As for the helmet, I think that was a poor choice as well.   Better, more accurate ones could have been used, and this could have been saved for a potential new Gyro-Viper in a future con set.   After all, with this helmet and Ultimate Cobra Commander’s heli-pack, that would also be a no-brainer.   (But in the case of some of the Club’s decisions lately, maybe that would make too much sense!)

 

G.I. Joe Collector's Club Oktober Guard Dragonsky

In terms of the figure’s kit, the FSS version of Dragonsky borrows heavily from the   Comic Pack #101  version.    Included with the figure are the following:

The fuel tank, flamethrower, and removable flame piece were all released with the O-ring version of Dragonsky.   The one downer of this reissue is that the cable that connects the tanks to the flame unit is far thicker than is typically used for   1:18  figures.   The stiffness of the tubing limits the figure’s ability to pose with his signature weapon outside of a few basic positions.   Granted, someone with a flamethrower isn’t going to be performing ballet but as a collector I like to have options.   IN this case, they aren’t there even if the weapon itself is one of the nicer sculpted pieces to come out of the last major O-ring series. The AK-47 makes sense for a Cold War era Soviet soldier and works well enough.   There’s not much else to say about the figure’s kit other than it works well enough.   Chris?
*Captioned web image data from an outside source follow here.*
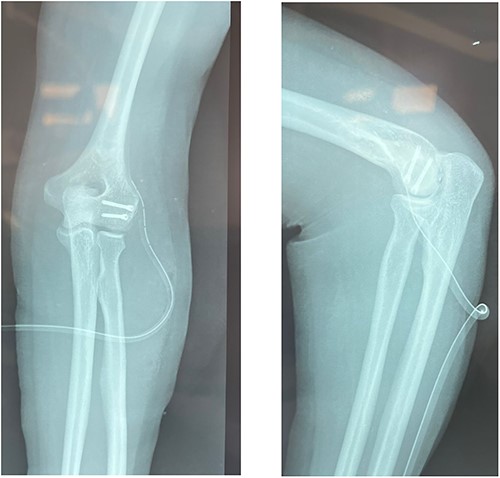 Postoperative X-rays.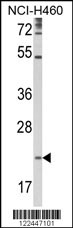 Western blot analysis of TSPAN31 Antibody (Center) (Cat. #AP8587c) in NCI-H460 cell line lysates (35ug/lane).TSPAN31 (arrow) was detected using the purified Pab.(2ug/ml)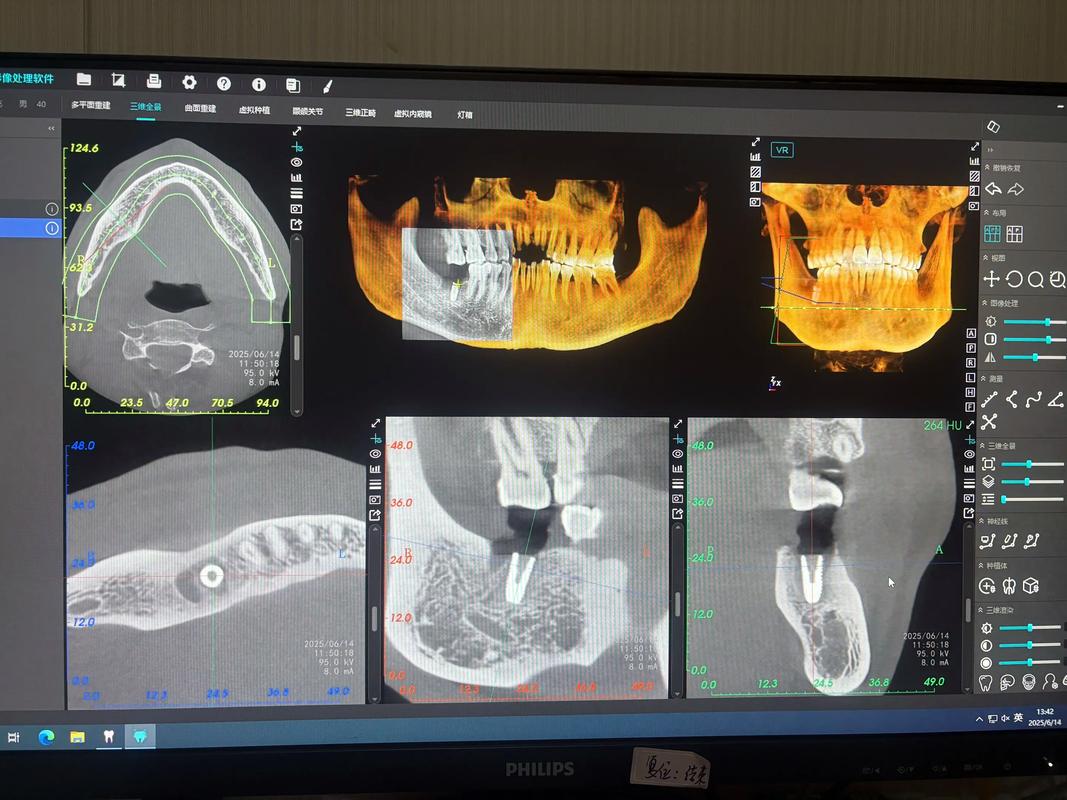 即拔即种牙从哪来?揭秘其来源之谜-图2 即拔即种牙从哪来?揭秘其来源之谜-图2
Oh my god, I am so sick of that freakin’ flame thrower and tank, I could scream!   It needs to disappear and never come back again.   (On the plus side, the Club has used it so often, that at least they got their money out of that tooling.)   As we saw in the comics, Dragonsky had a very stylized, and very big flame projector.   The one the Club gave us is nowhere close.   The good news is, you can swap out that for a vintage Charbroil flamer, and those hose will attach to it with no problems.   The drawback is, as you mention Fred, the fuel line on this (and the feed tubes of the Frag-Vipers from the Night Force Set) should have been made with more rubbery and flexible plastic, not the stiff kind we were given that won’t properly bend.   But again, this is yet another example of the Club’s ineptitude in some areas.   Instead of making sure the hose worked as advertised, they just said “Eh, it’s good enough.” because they don’t care, and they know suckers like us will continue to buy this stuff regardless about the complaints, so there is no reason to improve because they’ll make a sale no matter what.

Another quick aspect I wanted to hit upon was his vest.   The vest is a bit too small, and the straps that keep it on are a bit too tight, so it doesn’t fit as it should---and it kind of sits at an odd angle.   Because of that, the groin padding also tends to rest at an odd angle not even properly protecting the area it was supposed to keep safe.   The Club also made the mistake of having the O2 hose glued to the vest instead of the helmet, so if you take off his helmet, you have an obnoxious hose hanging there spoiling the aesthetic of the figure.   It should have been glue to the helmet instead, so when you took it off, you wouldn’t have anything distracting hanging down. 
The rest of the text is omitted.